Madame la présidente, madame, monsieur les ministres, messieurs les rapporteurs, mes chers collègues, le projet de loi de finances pour 2010 donne la priorité budgétaire à la recherche et à l’enseignement supérieur. Je précise d’ailleurs, madame la ministre, que votre budget est le seul qui échappe à la règle de la non-compensation d’un départ à la retraite sur deux énoncée dans la révision générale des politiques publiques, la RGPP. Le maintien des effectifs est une bonne chose, mais il n’y a toujours pas de création d’emplois prévue, encore moins de plan d’intégration des personnels sous statuts précaires ; au contraire, un nouveau sujet d’inquiétude apparaît : le transfert de 60 000 emplois aux universités.

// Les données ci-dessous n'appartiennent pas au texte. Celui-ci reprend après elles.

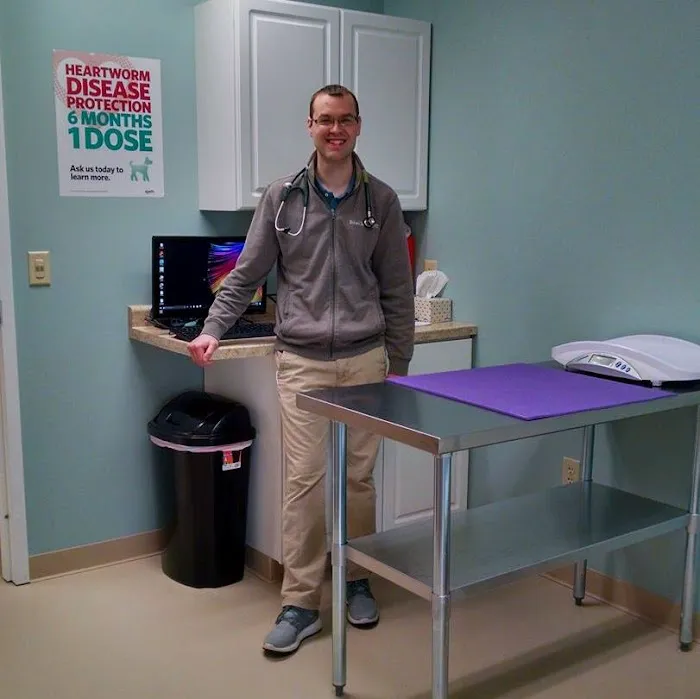 Waldo Animal Clinic 9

La commission Rocard-Juppé, mise en place en vue du grand emprunt, vient de rendre sa copie. Dans son rapport, elle conclut à la nécessité de consacrer d’urgence davantage de moyens financiers à la recherche et à l’enseignement supérieur, qu’elle qualifie de « priorités absolues ». Elle propose d’investir 16 milliards d’euros au titre de cette mission. Les classements internationaux, de leur côté, font état de « prestations médiocres ». Il s’avère, en outre, que les moyens accordés à l’enseignement supérieur en France sont aujourd’hui inférieurs à la moyenne de l’Organisation de coopération et de développement économiques, l’OCDE.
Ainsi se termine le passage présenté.